__DATASET RECORDS__:
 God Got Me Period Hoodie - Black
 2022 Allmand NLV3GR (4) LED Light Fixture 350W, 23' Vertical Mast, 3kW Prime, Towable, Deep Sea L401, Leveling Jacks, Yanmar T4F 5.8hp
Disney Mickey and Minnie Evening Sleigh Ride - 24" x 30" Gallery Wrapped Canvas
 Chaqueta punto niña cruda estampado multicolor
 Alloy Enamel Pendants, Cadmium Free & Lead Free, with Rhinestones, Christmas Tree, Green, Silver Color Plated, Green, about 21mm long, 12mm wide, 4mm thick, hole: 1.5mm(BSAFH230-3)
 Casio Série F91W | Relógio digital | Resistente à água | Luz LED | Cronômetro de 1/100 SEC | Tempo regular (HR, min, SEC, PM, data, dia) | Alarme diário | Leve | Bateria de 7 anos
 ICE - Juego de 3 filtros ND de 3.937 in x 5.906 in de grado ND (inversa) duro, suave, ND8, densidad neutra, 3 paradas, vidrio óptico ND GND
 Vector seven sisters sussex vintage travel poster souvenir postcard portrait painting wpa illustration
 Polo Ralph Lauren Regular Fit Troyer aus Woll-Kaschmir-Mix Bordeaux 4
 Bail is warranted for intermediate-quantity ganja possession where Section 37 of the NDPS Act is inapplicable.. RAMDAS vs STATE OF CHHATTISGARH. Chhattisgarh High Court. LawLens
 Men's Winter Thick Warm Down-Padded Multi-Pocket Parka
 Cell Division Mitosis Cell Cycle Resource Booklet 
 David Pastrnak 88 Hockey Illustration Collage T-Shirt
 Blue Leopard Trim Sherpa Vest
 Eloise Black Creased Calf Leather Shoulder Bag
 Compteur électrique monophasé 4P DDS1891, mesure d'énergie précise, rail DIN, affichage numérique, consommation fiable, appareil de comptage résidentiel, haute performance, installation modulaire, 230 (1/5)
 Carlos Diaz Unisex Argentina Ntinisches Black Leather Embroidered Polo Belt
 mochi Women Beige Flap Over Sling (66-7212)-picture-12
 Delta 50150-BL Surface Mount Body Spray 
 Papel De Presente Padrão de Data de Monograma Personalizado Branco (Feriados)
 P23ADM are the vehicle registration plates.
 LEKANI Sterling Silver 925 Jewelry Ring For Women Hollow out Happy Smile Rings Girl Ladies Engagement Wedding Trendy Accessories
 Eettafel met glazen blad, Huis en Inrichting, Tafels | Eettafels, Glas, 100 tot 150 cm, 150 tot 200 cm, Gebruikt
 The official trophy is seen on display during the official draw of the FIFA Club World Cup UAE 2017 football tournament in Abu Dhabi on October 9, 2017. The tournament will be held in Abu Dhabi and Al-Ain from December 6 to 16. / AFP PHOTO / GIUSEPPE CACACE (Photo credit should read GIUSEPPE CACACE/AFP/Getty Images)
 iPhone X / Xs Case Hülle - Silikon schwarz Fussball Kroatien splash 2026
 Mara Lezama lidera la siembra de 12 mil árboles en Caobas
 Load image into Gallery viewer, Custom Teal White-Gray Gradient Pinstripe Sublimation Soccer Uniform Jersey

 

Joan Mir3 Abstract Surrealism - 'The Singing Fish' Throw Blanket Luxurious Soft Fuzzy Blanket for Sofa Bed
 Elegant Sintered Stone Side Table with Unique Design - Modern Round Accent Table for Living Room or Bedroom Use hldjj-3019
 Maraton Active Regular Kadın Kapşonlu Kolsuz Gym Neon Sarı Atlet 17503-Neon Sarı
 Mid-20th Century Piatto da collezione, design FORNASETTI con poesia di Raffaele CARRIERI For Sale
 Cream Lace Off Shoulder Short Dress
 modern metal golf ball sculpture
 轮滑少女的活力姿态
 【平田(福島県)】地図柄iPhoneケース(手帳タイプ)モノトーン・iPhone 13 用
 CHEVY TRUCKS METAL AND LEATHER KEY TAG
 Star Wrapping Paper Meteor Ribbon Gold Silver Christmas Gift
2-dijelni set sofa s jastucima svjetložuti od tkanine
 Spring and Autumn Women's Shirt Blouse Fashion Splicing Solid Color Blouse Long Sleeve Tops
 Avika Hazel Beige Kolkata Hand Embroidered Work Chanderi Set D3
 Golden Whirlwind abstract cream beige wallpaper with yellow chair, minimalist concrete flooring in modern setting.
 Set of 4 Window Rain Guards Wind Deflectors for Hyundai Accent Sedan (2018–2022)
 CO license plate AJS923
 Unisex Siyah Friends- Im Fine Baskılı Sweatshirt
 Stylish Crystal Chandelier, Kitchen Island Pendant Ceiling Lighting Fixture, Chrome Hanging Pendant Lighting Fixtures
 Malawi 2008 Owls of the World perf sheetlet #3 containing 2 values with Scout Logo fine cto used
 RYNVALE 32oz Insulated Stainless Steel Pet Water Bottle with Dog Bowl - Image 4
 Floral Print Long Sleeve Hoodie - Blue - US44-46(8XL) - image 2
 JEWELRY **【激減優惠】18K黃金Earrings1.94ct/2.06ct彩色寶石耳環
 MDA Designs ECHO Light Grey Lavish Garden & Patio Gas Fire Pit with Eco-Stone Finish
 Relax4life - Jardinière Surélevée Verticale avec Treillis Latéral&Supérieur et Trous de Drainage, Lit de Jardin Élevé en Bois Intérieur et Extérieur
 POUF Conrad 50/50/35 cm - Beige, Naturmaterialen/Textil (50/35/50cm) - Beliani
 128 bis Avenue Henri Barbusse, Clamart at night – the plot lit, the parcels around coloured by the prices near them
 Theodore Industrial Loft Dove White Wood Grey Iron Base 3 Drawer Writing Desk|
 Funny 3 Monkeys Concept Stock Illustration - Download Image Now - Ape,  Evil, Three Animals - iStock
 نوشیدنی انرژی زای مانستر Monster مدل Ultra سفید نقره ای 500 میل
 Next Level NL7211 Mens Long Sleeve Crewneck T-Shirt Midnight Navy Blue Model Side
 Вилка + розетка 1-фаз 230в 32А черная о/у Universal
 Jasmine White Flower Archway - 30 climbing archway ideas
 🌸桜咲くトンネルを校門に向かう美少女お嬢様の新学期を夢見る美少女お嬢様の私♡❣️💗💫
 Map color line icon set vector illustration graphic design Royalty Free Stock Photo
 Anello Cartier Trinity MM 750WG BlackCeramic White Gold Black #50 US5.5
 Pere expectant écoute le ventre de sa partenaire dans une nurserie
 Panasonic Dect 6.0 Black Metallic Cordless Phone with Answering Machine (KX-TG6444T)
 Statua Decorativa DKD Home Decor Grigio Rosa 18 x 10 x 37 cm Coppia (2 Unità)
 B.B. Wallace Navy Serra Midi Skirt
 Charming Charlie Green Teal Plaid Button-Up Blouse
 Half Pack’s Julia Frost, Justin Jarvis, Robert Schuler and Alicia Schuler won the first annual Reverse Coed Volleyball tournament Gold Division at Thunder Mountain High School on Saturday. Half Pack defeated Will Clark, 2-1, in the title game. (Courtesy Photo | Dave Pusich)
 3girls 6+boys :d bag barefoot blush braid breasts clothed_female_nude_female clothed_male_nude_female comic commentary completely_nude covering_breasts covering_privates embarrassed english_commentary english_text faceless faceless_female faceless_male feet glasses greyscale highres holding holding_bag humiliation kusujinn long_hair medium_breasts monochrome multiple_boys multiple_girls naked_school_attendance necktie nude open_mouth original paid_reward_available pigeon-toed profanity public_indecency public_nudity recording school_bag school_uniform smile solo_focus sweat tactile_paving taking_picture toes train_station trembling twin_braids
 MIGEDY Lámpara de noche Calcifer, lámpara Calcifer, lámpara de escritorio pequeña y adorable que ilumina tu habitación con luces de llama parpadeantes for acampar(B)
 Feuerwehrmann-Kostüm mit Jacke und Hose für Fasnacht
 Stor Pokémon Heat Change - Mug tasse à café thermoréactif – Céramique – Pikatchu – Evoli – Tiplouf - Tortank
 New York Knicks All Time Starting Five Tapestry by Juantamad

__EXERCISE REQUIREMENTS__: Please give an exact copy of the lines above, beginning with the line containing "David Pastrnak 88" and running through the line containing "CHEVY TRUCKS METAL AND LEATHER KEY TAG", and of no other lines.

__TASK RESPONSE__:
 David Pastrnak 88 Hockey Illustration Collage T-Shirt
 Blue Leopard Trim Sherpa Vest
 Eloise Black Creased Calf Leather Shoulder Bag
 Compteur électrique monophasé 4P DDS1891, mesure d'énergie précise, rail DIN, affichage numérique, consommation fiable, appareil de comptage résidentiel, haute performance, installation modulaire, 230 (1/5)
 Carlos Diaz Unisex Argentina Ntinisches Black Leather Embroidered Polo Belt
 mochi Women Beige Flap Over Sling (66-7212)-picture-12
 Delta 50150-BL Surface Mount Body Spray 
 Papel De Presente Padrão de Data de Monograma Personalizado Branco (Feriados)
 P23ADM are the vehicle registration plates.
 LEKANI Sterling Silver 925 Jewelry Ring For Women Hollow out Happy Smile Rings Girl Ladies Engagement Wedding Trendy Accessories
 Eettafel met glazen blad, Huis en Inrichting, Tafels | Eettafels, Glas, 100 tot 150 cm, 150 tot 200 cm, Gebruikt
 The official trophy is seen on display during the official draw of the FIFA Club World Cup UAE 2017 football tournament in Abu Dhabi on October 9, 2017. The tournament will be held in Abu Dhabi and Al-Ain from December 6 to 16. / AFP PHOTO / GIUSEPPE CACACE (Photo credit should read GIUSEPPE CACACE/AFP/Getty Images)
 iPhone X / Xs Case Hülle - Silikon schwarz Fussball Kroatien splash 2026
 Mara Lezama lidera la siembra de 12 mil árboles en Caobas
 Load image into Gallery viewer, Custom Teal White-Gray Gradient Pinstripe Sublimation Soccer Uniform Jersey

 

Joan Mir3 Abstract Surrealism - 'The Singing Fish' Throw Blanket Luxurious Soft Fuzzy Blanket for Sofa Bed
 Elegant Sintered Stone Side Table with Unique Design - Modern Round Accent Table for Living Room or Bedroom Use hldjj-3019
 Maraton Active Regular Kadın Kapşonlu Kolsuz Gym Neon Sarı Atlet 17503-Neon Sarı
 Mid-20th Century Piatto da collezione, design FORNASETTI con poesia di Raffaele CARRIERI For Sale
 Cream Lace Off Shoulder Short Dress
 modern metal golf ball sculpture
 轮滑少女的活力姿态
 【平田(福島県)】地図柄iPhoneケース(手帳タイプ)モノトーン・iPhone 13 用
 CHEVY TRUCKS METAL AND LEATHER KEY TAG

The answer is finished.